The four key steps I used are listed here:

Step 1:

# use multiprocessing manager, import within your custom PyTorch Dataset file 
# DONT import the lock directly as it can be buggy
from torch.multiprocessing import Manager

Step 2:

# set the main reentrant lock in _ _init_ _
self.main_lock = Manager().RLock()

Step 3:

# use the share_memory_() method only on the tensor you want to share in _ _init_ _ 
# or pass it from _ _main_ _ and store it as a class variable in _ _init_ _
# AVOID USING NESTED SHARED MEMORY STRUCTURES CONTAINING OTHER SHARED MEMORY STRUCTURES
self.input_2d_probs_dicts[j][key] = torch.tensor(
    self.input_2d_probs_dicts[j][key], dtype=torch.float32).share_memory_()

Step 4:

# perform your operations as efficiently as possible using the lock in _ _getitem_ _
# if your processes are not efficient, you will either destroy the benefits of multiple workers or induce deadlocks
# take care to do this in one concerted step if possible to avoid mismatching between workers and to reduce the number of times workers get locked out
with self.main_lock:
    # quickly store the shared tensor values locally, do this instead of accessing the shared memory struct repeatedly!
    compartment_list[1][:] = self.input_2d_probs_dicts[comp_source][case_id][:]
    # get the nonzeros for later
    non_zero = torch.count_nonzero(compartment_list[1]).item()
    # check to see if we dont have enough nonzero weights
    if non_zero < self.STACK_2D[i]:
        # quickly reset the shared mem tensor, then store data locally
        self.input_2d_probs_dicts[comp_source][case_id][:] = self.input_2d_probs_dicts_uniform[comp_source][case_id][:]
        compartment_list[1][:] = self.input_2d_probs_dicts[comp_source][case_id][:]
    # sample the cases, done using torch.multinomial which is not ideal given our compute constraints
    stack_id[i], compartment_id[i] = self._stack_sampling(compartment_list, i)
    # quickly suppress the target probabilities in the shared tensor
    self.input_2d_probs_dicts[comp_source][case_id][compartment_id[i]] = 0
    # this code assumes you always have more instances than you are sampling for, which is why we dont reset sampling probabilities before releasing the lock

This worked reliably for me, allowing me to read and write to the shared data structure, without deadlocks, directly from the dataloader worker processes. All of my tests showed that the workers were using the same tensor data, without irregularities. Keep in mind these probability vectors are never seen by the GPUs. You will need to set torch.multiprocessing.set_start_method('spawn') only once at the beginning of your _ _ main _ _ file if you are using this sort of multiprocessing to interact with your GPUs in DDP (I believe spawn is the default for windows, this was done in linux which defaults to fork, you may also encounter issues with shared memory in DDP). In my use case, all of the shared memory structures were used within each worker instance exclusively.
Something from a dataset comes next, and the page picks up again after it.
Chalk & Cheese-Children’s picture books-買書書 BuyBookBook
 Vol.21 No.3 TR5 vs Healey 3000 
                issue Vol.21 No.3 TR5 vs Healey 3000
@ptrblck I have seen you reply to MANY posts regarding this problem. I think this is the best solution if you are forced to read and write to shared memory in a PyTorch dataloader child process without using a Queue, and it seems to work much more reliably than using torch.multiprocessing.Array(), torch.multiprocessing.Value(), torch.multiprocessing.dict() and torch.multiprocessing.list(), with or without locks, as I have tried both for all of them. It is not immediately obvious to me why that may be, so perhaps this is something that should be directed to the PyTorch dev team. This may help others in the future as well. I’m just glad I got it to work well, I really did not want to reinvent the wheel in my code base!

Excuse all the edits, wanted to make sure it was a very clear and high effort post!